On his first-ever solo album under his own name, Hyacinth, David Eugene Edwards delivers a sound uniquely his own, with a vulnerability and introspection unheard from him before.
Stripping back the heavy rock of his recent work with Wovenhand, Hyacinth puts the man's voice, and sparing instrumentation into the main focus.
There's a somber beauty and world-weary tone throughout these songs. The album could've been considered a slight return to the more melodic sounds of 16 Horsepower's Secret South (2000) and the first, self-titled Wovenhand album (2002).
But there's more going on here: a rhythmic, pulsating undercurrent reminiscent of the tape loops and rudimentary rhythms of 80s Industrial post-punk as well as 808 Drill Style beats.
The overall effect is often as if we're hearing the clock ticking away our own mortality.
"Hyacinth was a sort of vision," Edwards says. "A dream. I sought out of my old wooden banjo and nylon string guitar a hidden path.
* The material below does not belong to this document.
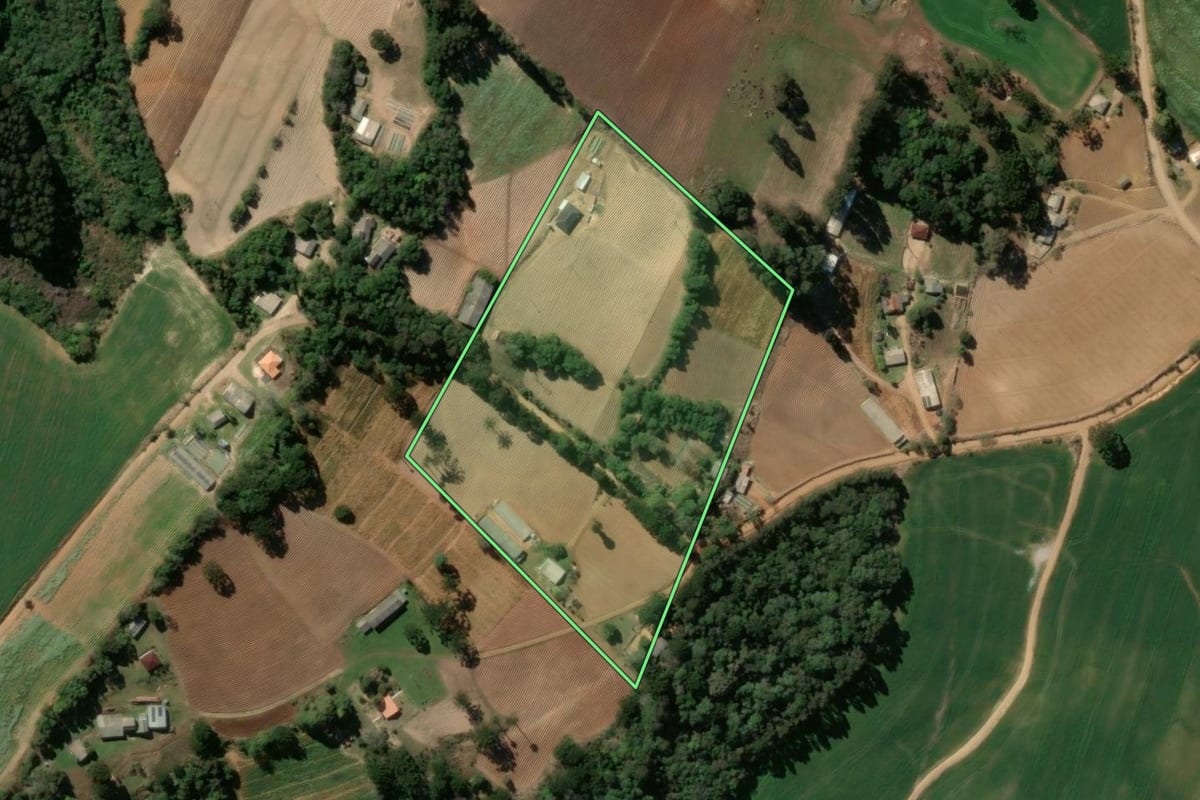 Imagem de satélite do imóvel rural em Ipiranga (PR), com o contorno declarado no CAR desenhado por cima.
Secrets they had kept from me within themselves all these years and created a new Mythos to myself of philosophical and spiritual ideas or concepts." Once he'd harnessed the music within, he enlisted multi-instrumentalist and producer Ben Chisholm (The Armed, Chelsea Wolfe, Converge) to help him realize the album's recording and mix.
"Overall, the album is a weaving of narratives ancient and modern, of humankind's search for understanding of this world we find ourselves in and of each other.
In all its simplicity and complexity," Edwards continues. "Hyacinth is a reference to the Greek myth of Apollo.
And, the word meaning a precious stone and blue larkspur flower of purple and pall."